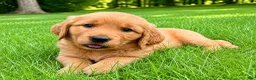 Golden Retriever dogs for sale: female golden retriever puppy - Ad 7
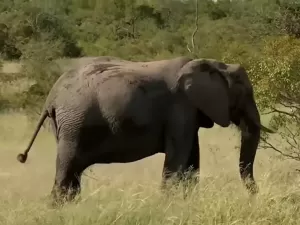 Turista é morto por elefantes ao tentar fotografar manada na África do Sul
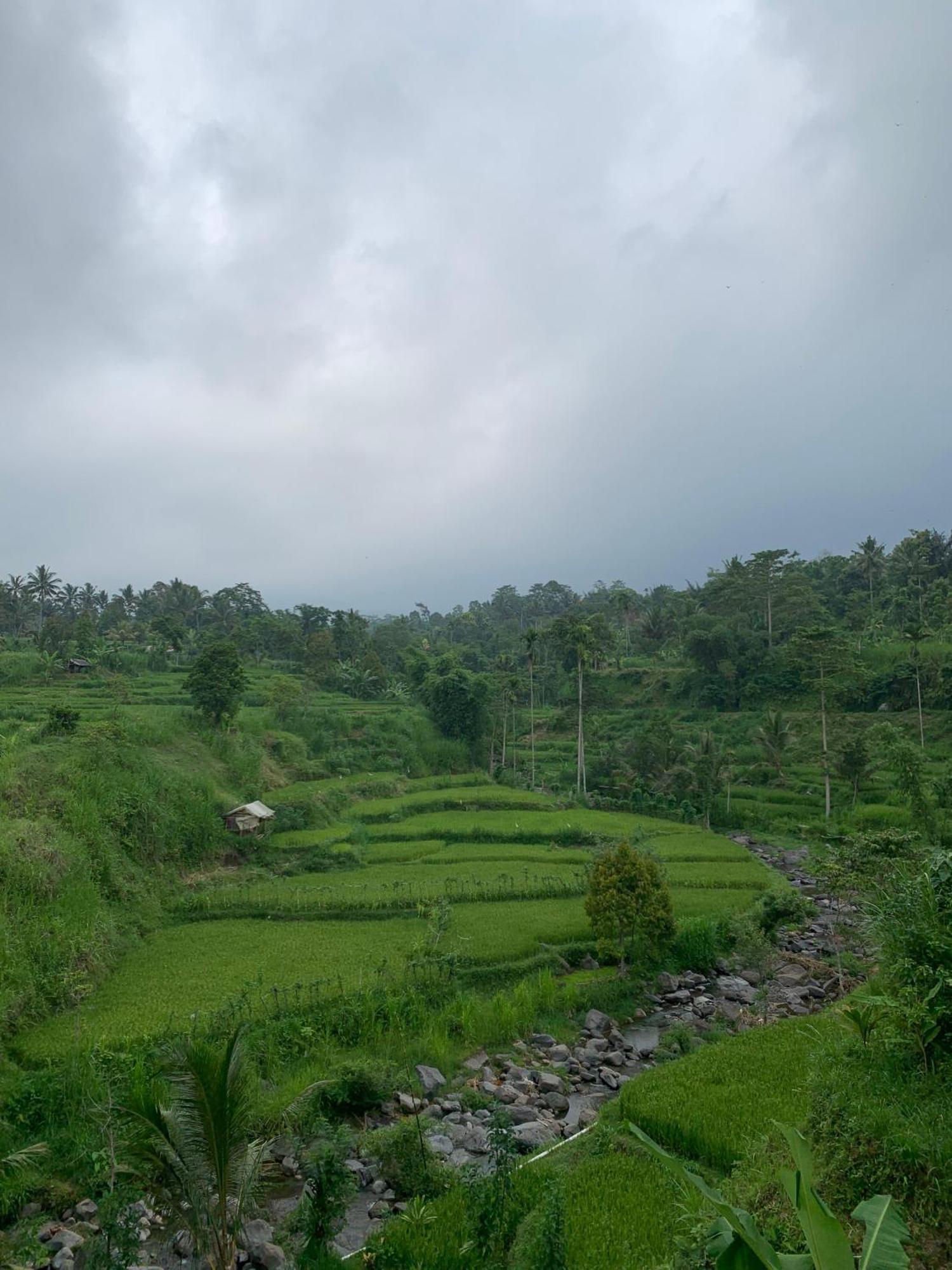 Avocado Homestay Tetebatu Exterior photo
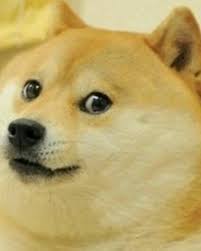 Doge Mlg Parody Wikia Fandom Browse and download hd doge png images with transparent background for free. doge mlg parody wikia fandom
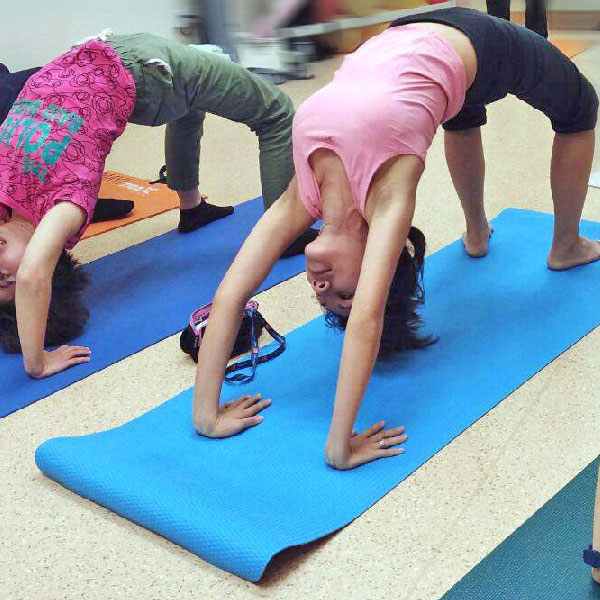 Ashtanga Yoga Instructor Course — Primary Series at MAYI Yoga Academy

**TASK TO COMPLETE:**
Every line above goes into the copy unchanged; the pictures do not.

**PROBLEM SOLUTION:**
 Golden Retriever dogs for sale: female golden retriever puppy - Ad 7
 Turista é morto por elefantes ao tentar fotografar manada na África do Sul
 Avocado Homestay Tetebatu Exterior photo
 Doge Mlg Parody Wikia Fandom Browse and download hd doge png images with transparent background for free. doge mlg parody wikia fandom
 Ashtanga Yoga Instructor Course — Primary Series at MAYI Yoga Academy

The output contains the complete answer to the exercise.